**Instructions to follow:**
Provide again, from the entries below, every line from the one containing "Bauer Compressors ACT Buyers' Guide" through the one containing "Проанализируйте основные. Этапы", exactly as written, and no other line.

**Records for the task:**
====
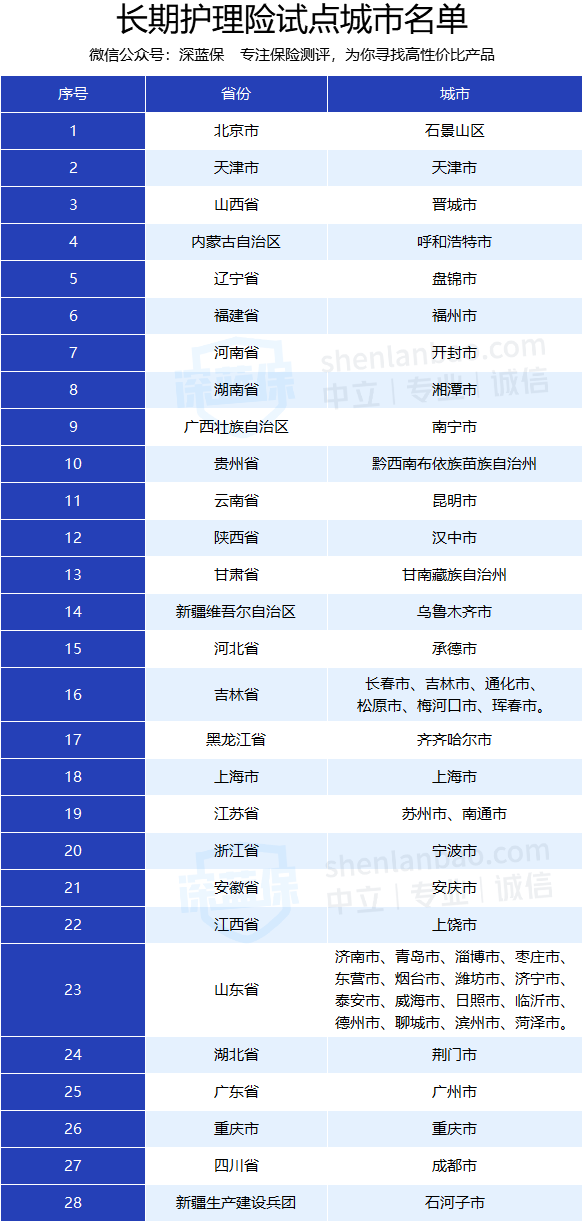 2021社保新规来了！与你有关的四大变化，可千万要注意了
====
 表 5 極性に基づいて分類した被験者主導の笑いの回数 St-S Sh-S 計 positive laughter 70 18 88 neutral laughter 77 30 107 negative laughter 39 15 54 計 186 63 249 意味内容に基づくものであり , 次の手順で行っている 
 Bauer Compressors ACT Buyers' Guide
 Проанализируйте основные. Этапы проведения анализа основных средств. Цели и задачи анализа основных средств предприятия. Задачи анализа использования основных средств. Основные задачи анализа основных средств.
====
**Exercise output:**
 Bauer Compressors ACT Buyers' Guide
 Проанализируйте основные. Этапы проведения анализа основных средств. Цели и задачи анализа основных средств предприятия. Задачи анализа использования основных средств. Основные задачи анализа основных средств.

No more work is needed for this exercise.